In the Melbourne suburb of Brunswick, a female narrator, who remains unnamed is trying to come to terms with the absence of Jack, the man she loves. In a bar she meets Bernice, a radio personality, in her late thirties and flirting with IVF. Finding a job as a gardener, she discovers that her co-worker, Mitali, has an unresolved mourning that attracts other deaths into its orbit. Later on, she befriends the resolutely mysterious bar owner, Sarah, and her daughter, Mary, who has, for potent (and as yet unrevealed) reasons, converted to Islam and donned a burqa.

The lives of these women are characterised by love and loss, and are woven together by their shared grieving at the senseless murder of Jill Meagher.

I found this book to be quite intense. It touched on a lot of relevant topics, especially the murder of Jill Meagher, which is a true event here in Melbourne (This is a novel though). It is confronting, but really interesting to read.


Truly Madly Guilty – Liane Moriarty


Sam and Clementine have a wonderful, albeit, busy life: they have two little girls, Sam has just started a new dream job, and Clementine, a cellist, is busy preparing for the audition of a lifetime. If there’s anything they can count on, it’s each other.

Clementine and Erika are each other’s oldest friends. A single look between them can convey an entire conversation. But theirs is a complicated relationship, so when Erika mentions a last minute invitation to a barbecue with her neighbours, Tiffany and Vid, Clementine and Sam don’t hesitate. Having Tiffany and Vid’s larger than life personalities there will be a welcome respite.

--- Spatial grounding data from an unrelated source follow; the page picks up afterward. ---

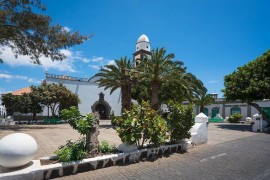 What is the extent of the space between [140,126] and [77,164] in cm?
243

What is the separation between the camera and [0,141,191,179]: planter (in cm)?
441

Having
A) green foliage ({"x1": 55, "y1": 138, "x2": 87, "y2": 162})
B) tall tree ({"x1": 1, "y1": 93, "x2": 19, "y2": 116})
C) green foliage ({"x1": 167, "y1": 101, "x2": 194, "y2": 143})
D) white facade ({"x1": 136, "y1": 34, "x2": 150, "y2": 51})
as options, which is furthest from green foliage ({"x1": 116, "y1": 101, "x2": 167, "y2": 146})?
white facade ({"x1": 136, "y1": 34, "x2": 150, "y2": 51})

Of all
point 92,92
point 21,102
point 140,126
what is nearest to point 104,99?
point 92,92

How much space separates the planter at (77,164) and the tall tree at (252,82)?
47.4 feet

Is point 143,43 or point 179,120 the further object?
point 143,43

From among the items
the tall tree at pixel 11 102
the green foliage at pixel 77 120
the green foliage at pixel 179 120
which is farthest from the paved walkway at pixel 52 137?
the tall tree at pixel 11 102

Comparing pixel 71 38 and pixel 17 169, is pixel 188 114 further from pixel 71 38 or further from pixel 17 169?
pixel 71 38

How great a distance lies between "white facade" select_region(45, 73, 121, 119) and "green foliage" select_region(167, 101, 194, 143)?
1023 inches

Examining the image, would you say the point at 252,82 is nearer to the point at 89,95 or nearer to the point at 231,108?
the point at 231,108

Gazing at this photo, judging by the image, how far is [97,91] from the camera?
34875 mm

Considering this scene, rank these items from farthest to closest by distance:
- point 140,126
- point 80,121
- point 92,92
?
point 92,92
point 140,126
point 80,121

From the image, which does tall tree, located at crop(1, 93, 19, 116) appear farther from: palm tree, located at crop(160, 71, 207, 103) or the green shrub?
the green shrub

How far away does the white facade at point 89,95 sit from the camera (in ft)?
103

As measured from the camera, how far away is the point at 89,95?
33.9 m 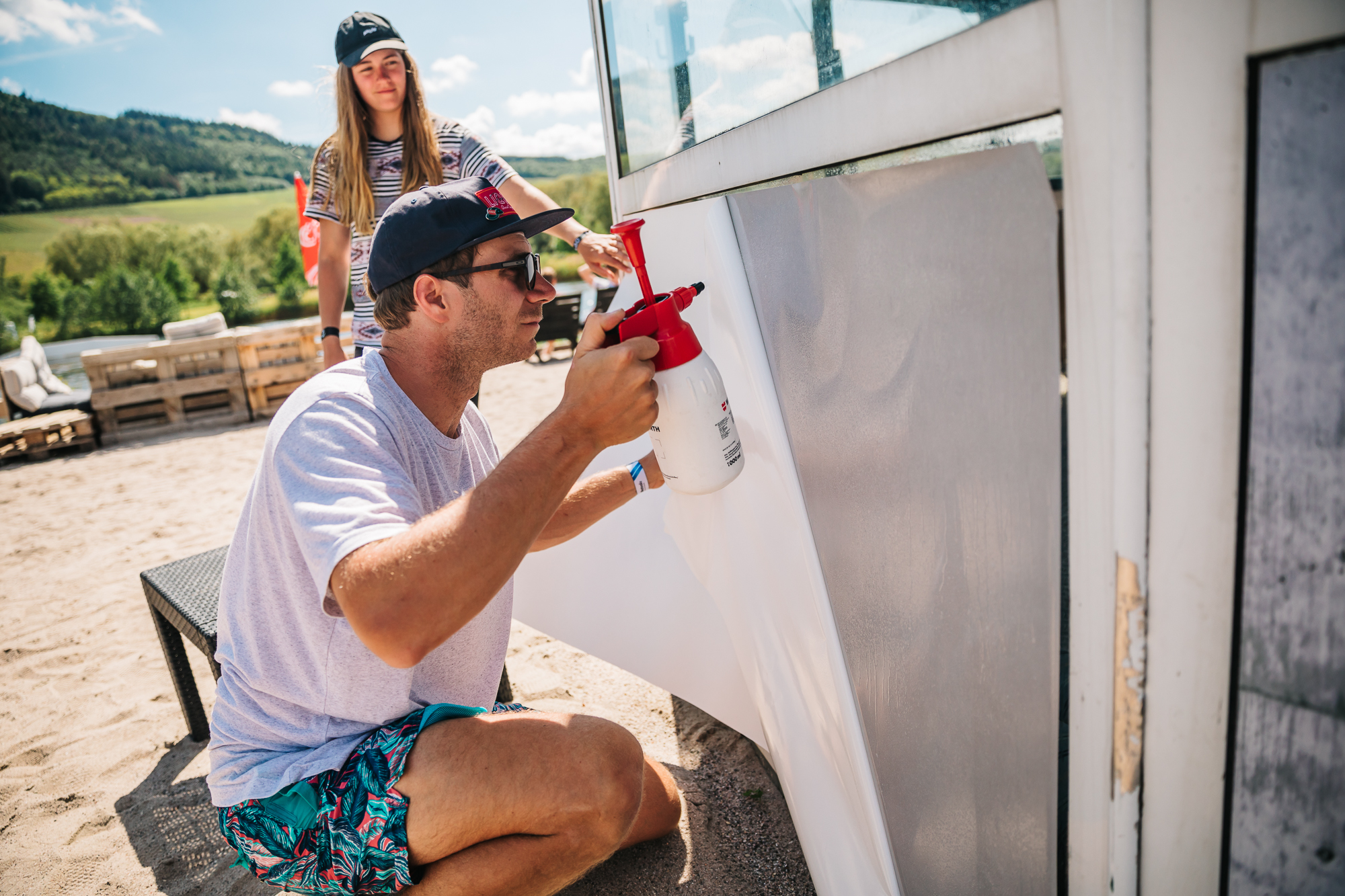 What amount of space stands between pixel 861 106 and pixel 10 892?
9.03ft

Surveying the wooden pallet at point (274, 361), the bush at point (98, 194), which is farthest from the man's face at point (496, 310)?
the bush at point (98, 194)

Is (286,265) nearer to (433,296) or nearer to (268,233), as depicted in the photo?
(268,233)

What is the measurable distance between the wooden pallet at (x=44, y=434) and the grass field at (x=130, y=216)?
47768 mm

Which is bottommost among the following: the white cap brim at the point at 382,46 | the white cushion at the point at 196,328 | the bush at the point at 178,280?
the white cushion at the point at 196,328

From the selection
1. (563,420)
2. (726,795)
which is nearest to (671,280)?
(563,420)

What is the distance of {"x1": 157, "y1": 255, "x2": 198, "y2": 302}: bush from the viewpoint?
45.8 metres

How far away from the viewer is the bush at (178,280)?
45.8m

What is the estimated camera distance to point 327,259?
8.35 ft

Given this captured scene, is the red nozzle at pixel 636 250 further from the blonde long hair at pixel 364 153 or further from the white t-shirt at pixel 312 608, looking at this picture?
the blonde long hair at pixel 364 153

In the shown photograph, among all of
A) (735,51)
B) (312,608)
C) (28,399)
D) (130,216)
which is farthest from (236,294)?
(735,51)

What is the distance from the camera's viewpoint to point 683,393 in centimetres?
123

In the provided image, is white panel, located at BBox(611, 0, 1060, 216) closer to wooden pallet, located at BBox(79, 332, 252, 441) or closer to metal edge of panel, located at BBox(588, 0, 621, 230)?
metal edge of panel, located at BBox(588, 0, 621, 230)

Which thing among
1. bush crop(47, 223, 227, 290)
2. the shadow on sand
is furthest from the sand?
bush crop(47, 223, 227, 290)

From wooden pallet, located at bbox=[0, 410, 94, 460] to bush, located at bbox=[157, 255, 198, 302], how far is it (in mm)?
44667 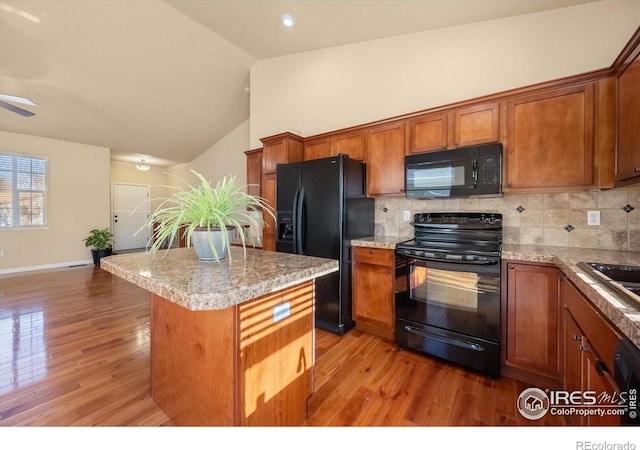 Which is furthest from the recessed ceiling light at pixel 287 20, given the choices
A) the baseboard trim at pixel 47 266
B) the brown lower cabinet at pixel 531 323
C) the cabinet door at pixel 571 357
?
the baseboard trim at pixel 47 266

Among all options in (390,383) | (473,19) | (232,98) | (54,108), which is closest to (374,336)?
(390,383)

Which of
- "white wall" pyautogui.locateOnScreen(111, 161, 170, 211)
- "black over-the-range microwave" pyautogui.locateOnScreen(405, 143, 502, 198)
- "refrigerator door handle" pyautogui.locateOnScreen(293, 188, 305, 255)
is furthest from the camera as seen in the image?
"white wall" pyautogui.locateOnScreen(111, 161, 170, 211)

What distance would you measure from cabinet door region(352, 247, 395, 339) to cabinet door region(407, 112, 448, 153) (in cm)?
105

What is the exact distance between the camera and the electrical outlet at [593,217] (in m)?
2.05

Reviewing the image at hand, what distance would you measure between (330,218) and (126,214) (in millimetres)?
7558

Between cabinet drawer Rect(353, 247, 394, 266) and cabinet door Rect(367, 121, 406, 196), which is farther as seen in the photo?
cabinet door Rect(367, 121, 406, 196)

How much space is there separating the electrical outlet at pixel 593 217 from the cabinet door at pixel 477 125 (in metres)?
0.90

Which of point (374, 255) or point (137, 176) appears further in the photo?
point (137, 176)

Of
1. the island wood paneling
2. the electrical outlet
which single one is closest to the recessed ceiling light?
the island wood paneling

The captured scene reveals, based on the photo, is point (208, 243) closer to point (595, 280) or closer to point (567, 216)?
point (595, 280)

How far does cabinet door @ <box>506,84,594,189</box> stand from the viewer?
188cm

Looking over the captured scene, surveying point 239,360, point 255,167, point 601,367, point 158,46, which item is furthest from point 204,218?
point 158,46

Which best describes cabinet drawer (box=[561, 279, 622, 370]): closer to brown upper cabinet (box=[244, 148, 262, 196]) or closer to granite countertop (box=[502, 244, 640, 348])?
granite countertop (box=[502, 244, 640, 348])

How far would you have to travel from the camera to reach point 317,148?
339 cm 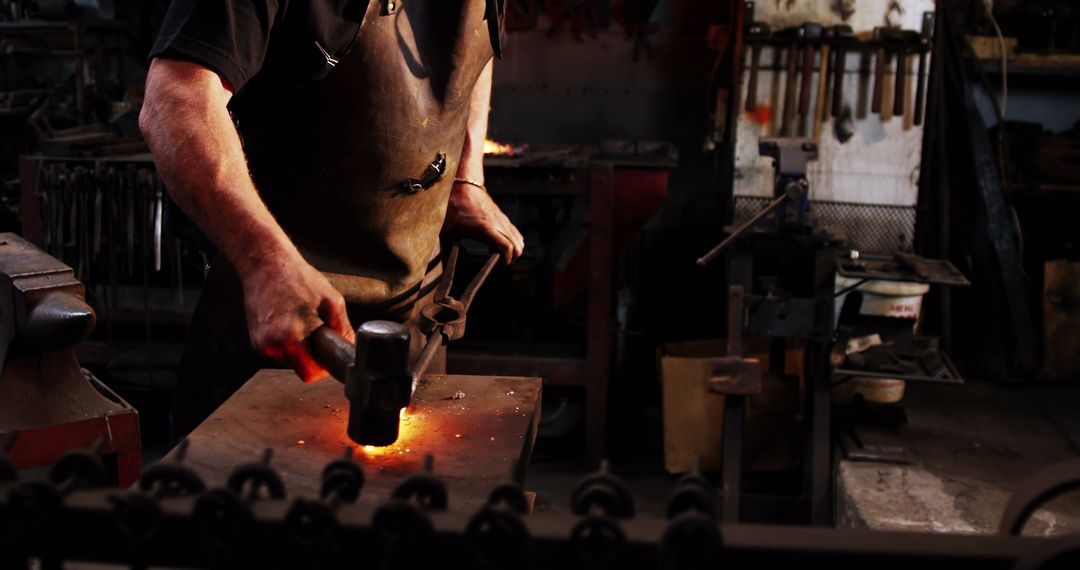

Two months later, it won’t stop raining, and Clementine and Sam can’t stop asking themselves the question: What if we hadn’t gone?

This book was a bit of a letdown. I have read some of Liane’s other novels, and they have been great! But this one seemed to drag on for a long time, and I didn’t really enjoy it. The event that happened at the barbecue is sad, but I feel like the reactions weren’t realistic. I couldn’t connect with the story.


The Laughing Clowns – William McInnes


Peter Kennedy is a very large man who is remarkably happy with his life. Yet something is not quite right, and it started with a dream that smelt of luncheon meat.

Peter is successful at what he does, even though he is not sure what that is anymore. When Titan Development contracts him to go to Queensland to assess a prime piece of real estate on the Pickersgill Peninsula Showgrounds he jumps at the chance. It will give him time out from having to be with the family he loves. And it will take him back to the home where he grew up; to his parents, who are members of the Show society, his twin sister Pearl, a bingo caller and foster mother, and his brother Gary, the TV weatherman.

Over these few days, he will come to realize that sometimes when you go back to where you came from you find out how much you actually have, and how much you could lose.

All he has to do is make his mind up, and listen to the advice that he is given by, of all people, the King of Hot Dogs.

But will he?

Initially, this book felt a little slow. But that’s how it was meant to be written! It was set only over 2 or 3 days, and it felt like I was reading it in real time. I really enjoyed it! I felt like I was there, and this book invoked a lot of feelings. It makes you really think about relationships that you have, and the people that you love.